- [Task]
Within the entries below, please return exactly the lines from the one with "If you do have" through the one with "And so this", leaving out any pictures.

- [Information provided]
_ _ _
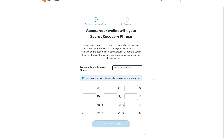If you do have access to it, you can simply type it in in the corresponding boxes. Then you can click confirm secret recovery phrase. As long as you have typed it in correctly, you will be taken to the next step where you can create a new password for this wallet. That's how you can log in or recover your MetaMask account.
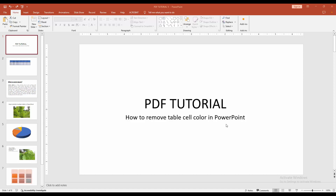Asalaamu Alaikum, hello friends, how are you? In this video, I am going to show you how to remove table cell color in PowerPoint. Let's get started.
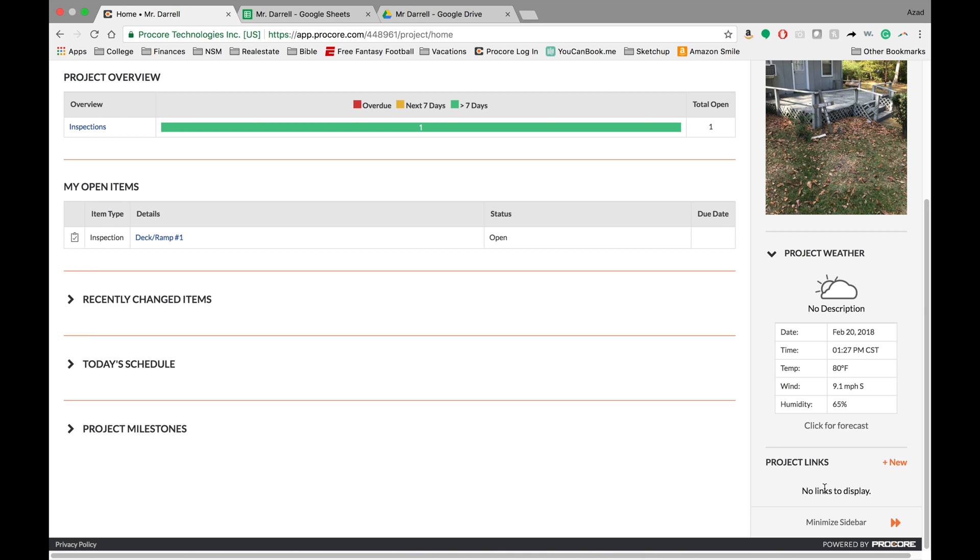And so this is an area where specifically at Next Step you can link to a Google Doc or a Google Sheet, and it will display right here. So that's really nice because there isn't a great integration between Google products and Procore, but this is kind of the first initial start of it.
_ _ _
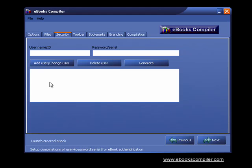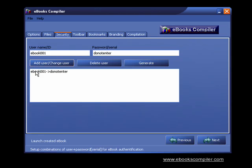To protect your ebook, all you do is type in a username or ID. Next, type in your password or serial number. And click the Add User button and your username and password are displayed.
_ _ _
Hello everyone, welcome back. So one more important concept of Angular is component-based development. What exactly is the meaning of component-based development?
_ _ _
- [Answer space]
If you do have access to it, you can simply type it in in the corresponding boxes. Then you can click confirm secret recovery phrase. As long as you have typed it in correctly, you will be taken to the next step where you can create a new password for this wallet. That's how you can log in or recover your MetaMask account.
Asalaamu Alaikum, hello friends, how are you? In this video, I am going to show you how to remove table cell color in PowerPoint. Let's get started.
And so this is an area where specifically at Next Step you can link to a Google Doc or a Google Sheet, and it will display right here. So that's really nice because there isn't a great integration between Google products and Procore, but this is kind of the first initial start of it.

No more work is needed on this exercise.